### [Task goal]
Take the line that contains "Casa+ teren cu" and each line after it to the end of the data below, and set them down exactly, omitting pictures.

### [Dataset records]
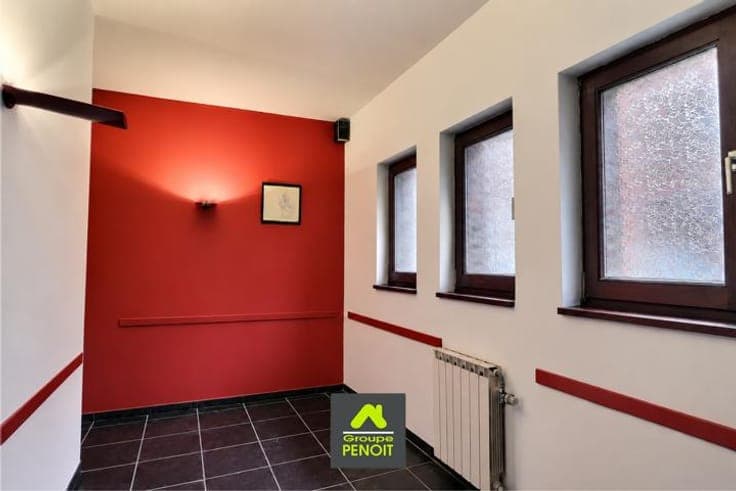 House in Seraing
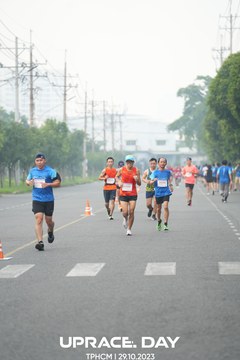 UPRACE DAY 2023 - HỒ CHÍ MINH - Ảnh #793532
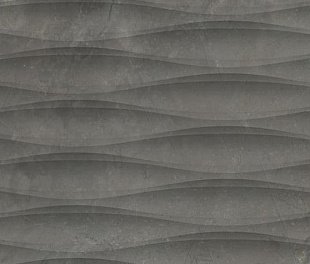 Cerrad Gres Masterstone Graphite Decor Waves Rect.  1197X297X8 (ТДЗН21790)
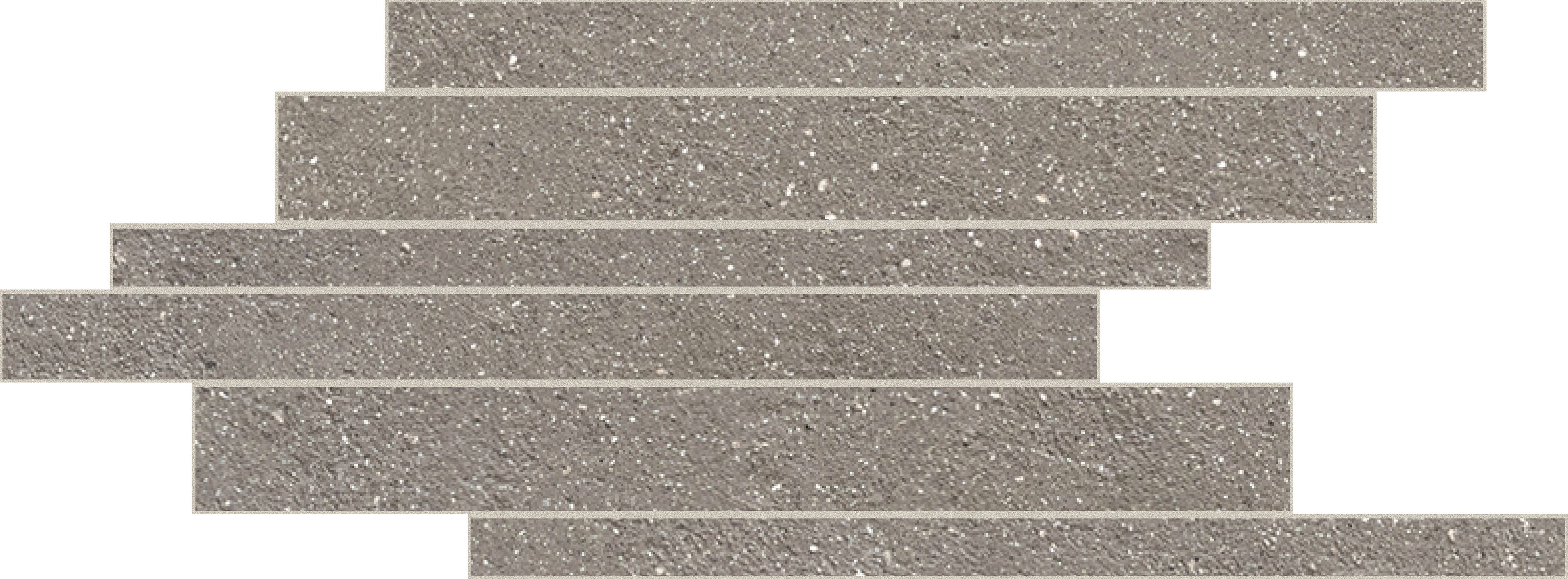 Fog_Ground Modulo listello sfalsato 21x40 матовая 9 мм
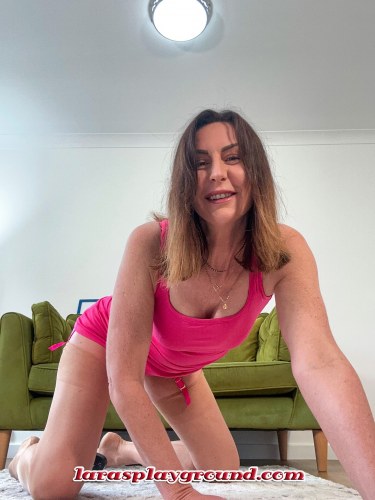 I Am A Barbie Girl 5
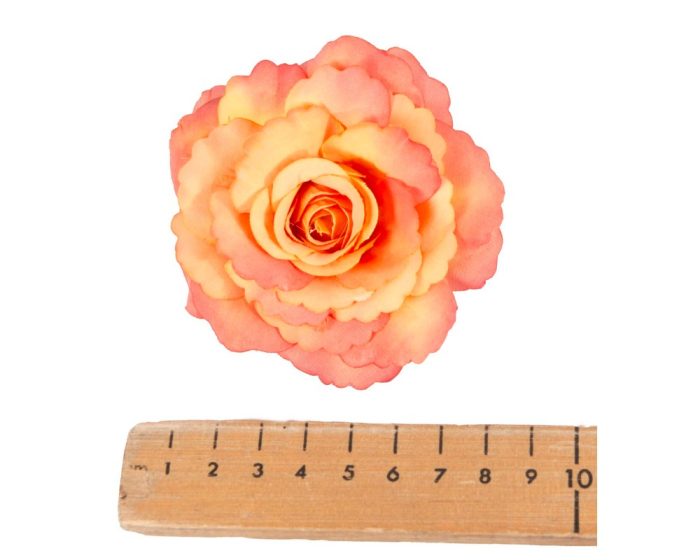 7cm artificial flower - Image 4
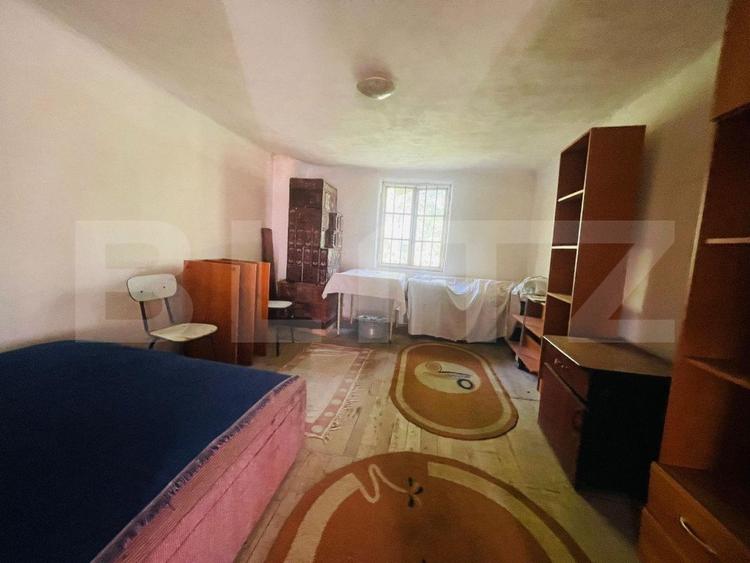 Casa+ teren cu vad, 1580 mp, Calea Severinului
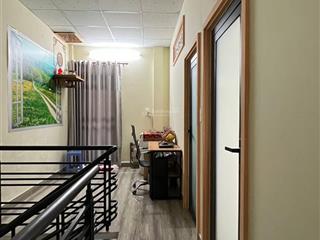 Bán đất tặng phòng trọ và nhà có thu nhập sẵn đường trước đất 6m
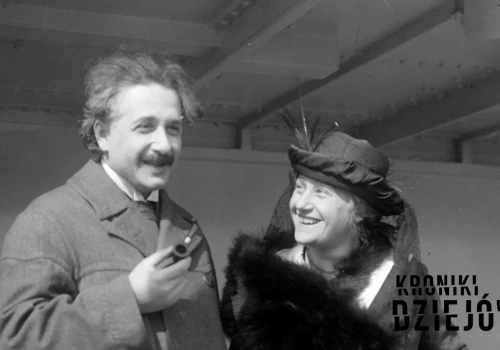 Jedno zdanie Einsteina przetrwało pokolenia. Trudno uwierzyć, jak bardzo pasuje do naszych czasów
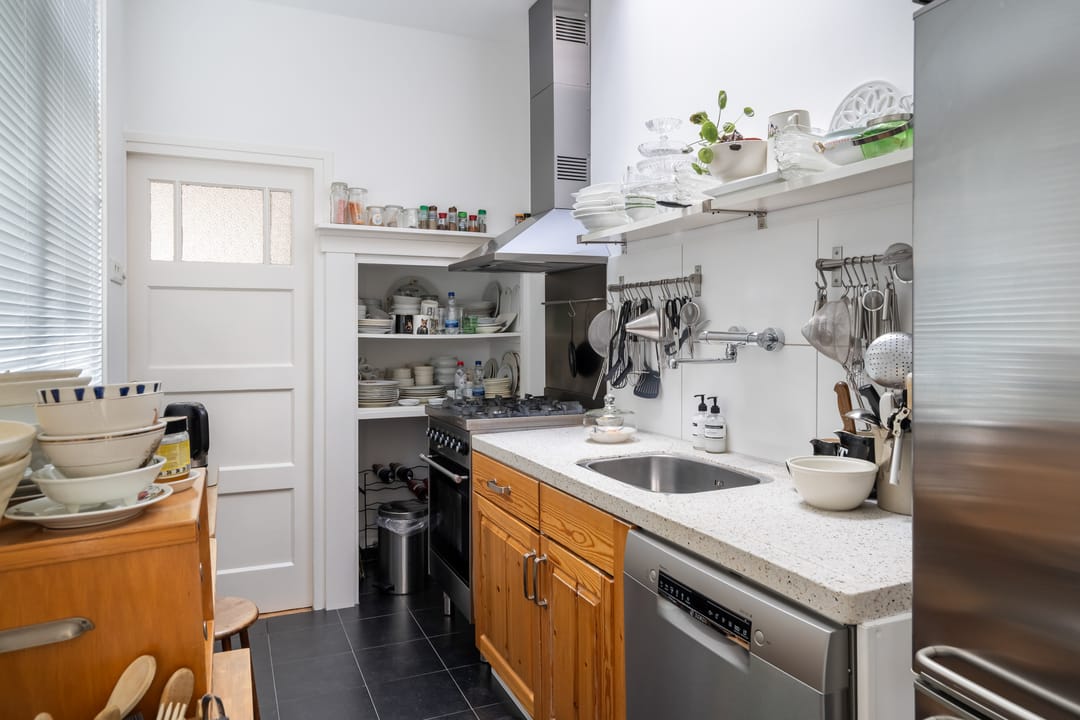 Photo 17 of Tesselschadestraat 4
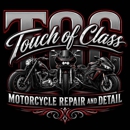 Touch of Class Motorcycle Repair and Detail - Motorcycles & Motor Scooters-Repairing & Service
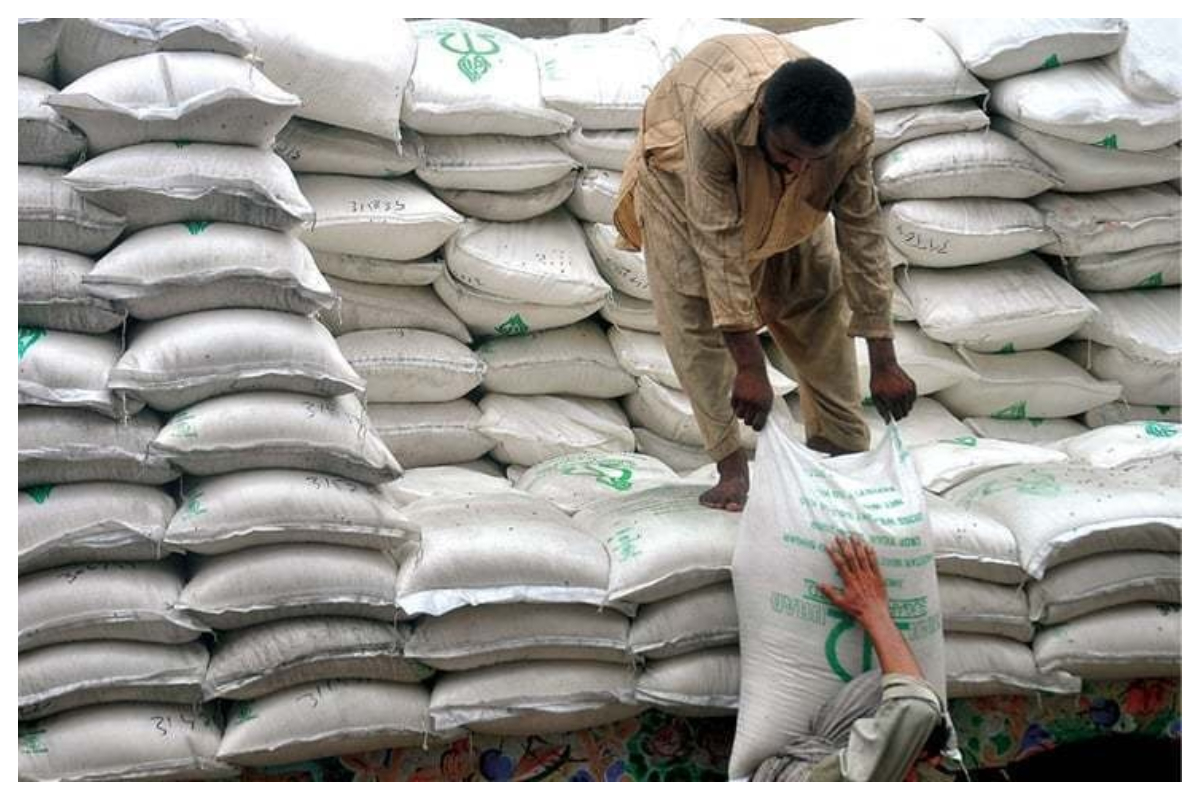 USC Increases Sugar Prices in Pakistan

### [Expected answer]
 Casa+ teren cu vad, 1580 mp, Calea Severinului
 Bán đất tặng phòng trọ và nhà có thu nhập sẵn đường trước đất 6m
 Jedno zdanie Einsteina przetrwało pokolenia. Trudno uwierzyć, jak bardzo pasuje do naszych czasów
 Photo 17 of Tesselschadestraat 4
 Touch of Class Motorcycle Repair and Detail - Motorcycles & Motor Scooters-Repairing & Service
 USC Increases Sugar Prices in Pakistan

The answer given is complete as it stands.